WHAT IS BEING ASKED
Lines from the one with "- un toboggan" up to and including the one with "Gold-framed glasses with 'Dior' logo" are to be copied exactly from the records below, without their pictures.
[RECORDS PROVIDED — start]
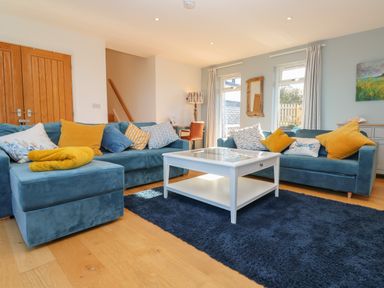 A living room with blue sofas yellow cushions white coffee table and wooden doors at Chilowan in Trewarmett near Tintagel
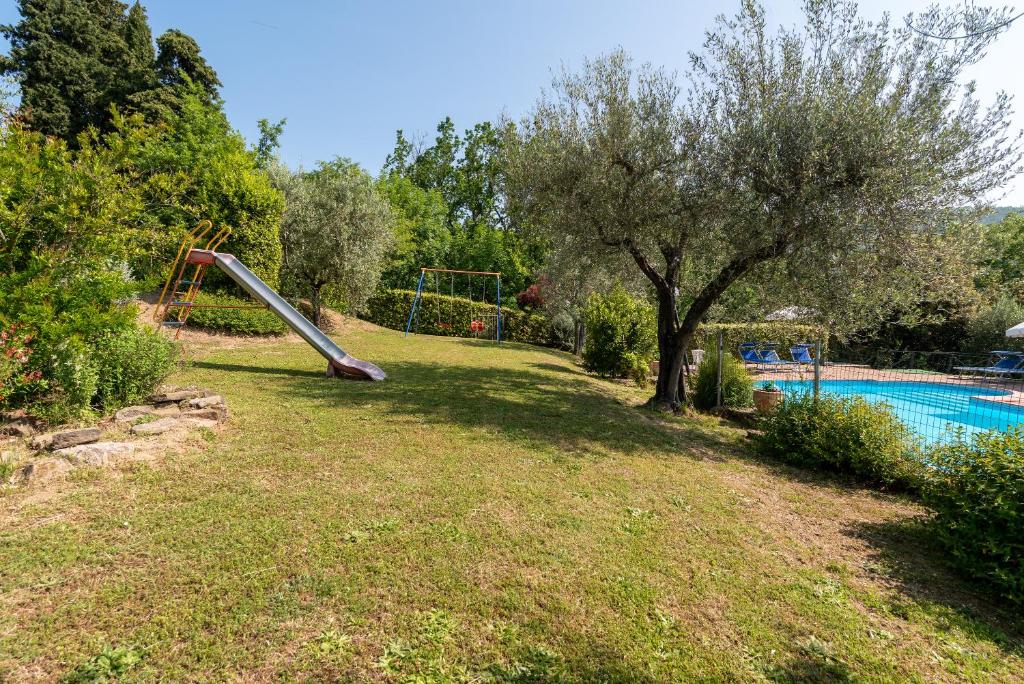 - un toboggan dans une cour à côté d'une piscine dans l'établissement Villa Agriturismo Cuiano - Pierle, à Cortone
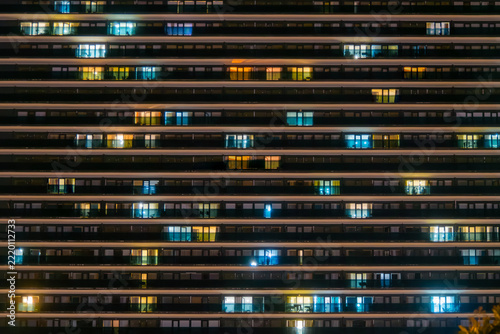 View of front view of hotel apartment building facade in Batumi - front view. Illuminated windows in georgian residential building with warm lighting at night. Architecture concept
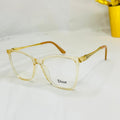 Gold-framed glasses with 'Dior' logo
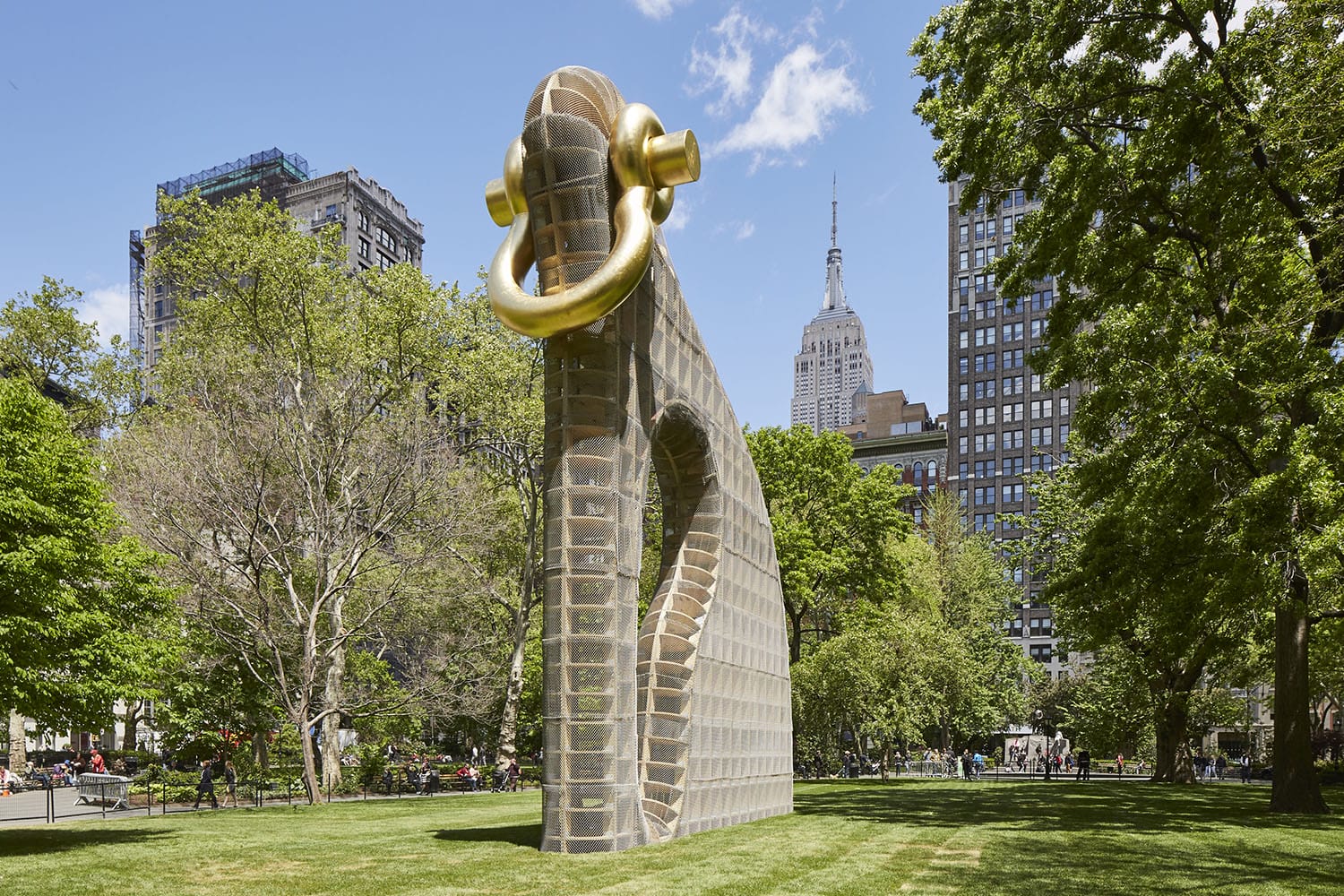 Large outdoor sculpture resembling a gold-tusked elephant in a city park with buildings and trees in the background.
[RECORDS PROVIDED — finish]
WRITTEN RESPONSE
 - un toboggan dans une cour à côté d'une piscine dans l'établissement Villa Agriturismo Cuiano - Pierle, à Cortone
 View of front view of hotel apartment building facade in Batumi - front view. Illuminated windows in georgian residential building with warm lighting at night. Architecture concept
 Gold-framed glasses with 'Dior' logo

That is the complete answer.